Meine Kinder, es ist eine große Gnade, die Herzen anziehen zu können. Aber die, der Gott sie gab, muss auf der Hut sein! Sie soll mit dem lieben Gott verbunden bleiben und sich dieser Anziehungsmacht nur bedienen, um die Seelen an den Heiland zu binden. Diese Macht hatte Gott der Guten Mutter Marie de Sales Chappuis in sehr hohem Grad gegeben. Aber sie benützte sie immer nur ganz übernatürlich. Die Personen, die sich ihr näherten, fühlten in ihr immer nur die Handlungen Gottes.
Ich werde auf dieses Thema in der Beziehung zu den Internatsschülerinnen zurückkommen. Ich fasse zusammen, meine Kinder. Kraft des Gelübdes der Keuschheit haben wir nicht mehr das Recht, unser Herz zu benützen, so wie wir Kraft des Gelübdes der Armut kein Recht mehr haben, unser Vermögen zu benützen. Unser Herz ist unser Leben, unser größter Schatz.
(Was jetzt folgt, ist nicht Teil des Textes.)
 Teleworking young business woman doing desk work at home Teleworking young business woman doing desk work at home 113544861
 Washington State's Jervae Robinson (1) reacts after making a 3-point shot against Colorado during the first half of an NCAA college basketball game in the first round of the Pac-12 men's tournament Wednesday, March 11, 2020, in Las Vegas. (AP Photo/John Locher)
Wir haben nicht mehr das Recht, darüber zu verfügen, genauso wenig wie über unsere zeitlichen Güter. Es ist unser Reichtum, wir haben nicht mehr das Recht, von ihm zu leben, wie wir von unseren Renten oder unserer Arbeit gelebt hätten, wenn wir in der Welt geblieben wären.
Mögen die, die diese Herzensmacht besitzen, die Seelen anzuziehen, sich ihrer mit großer Gewissenhaftigkeit und Wachsamkeit bedienen. Sie sollen sich ihrer bedienen, um sie mit dem Heiland zu vereinen, und es möge in ihnen nur der göttliche Wille handeln. Mögen sie eine große Treue zur Gnade, zum Geistlichen Direktorium, zu den kleinen Beobachtungen der Ordensregel haben. Mit einem Wort: sie sollen sehr auf der Hut sein, denn diese Macht ist eine Gabe, die unheilvoll sein kann, zehnmal, hundertmal unheilvoll. Sie tragen einen Blitz bei sich, sie müssen große Vorsichtsmaßnahmen treffen, um nicht alles um sich herum zu entzünden. Bitten wir unseren Herrn, meine Kinder, euch gut verständlich zu machen, was ich euch soeben sagte. Im Namen des Vaters und des Sohnes und des Heiligen Geistes. Amen.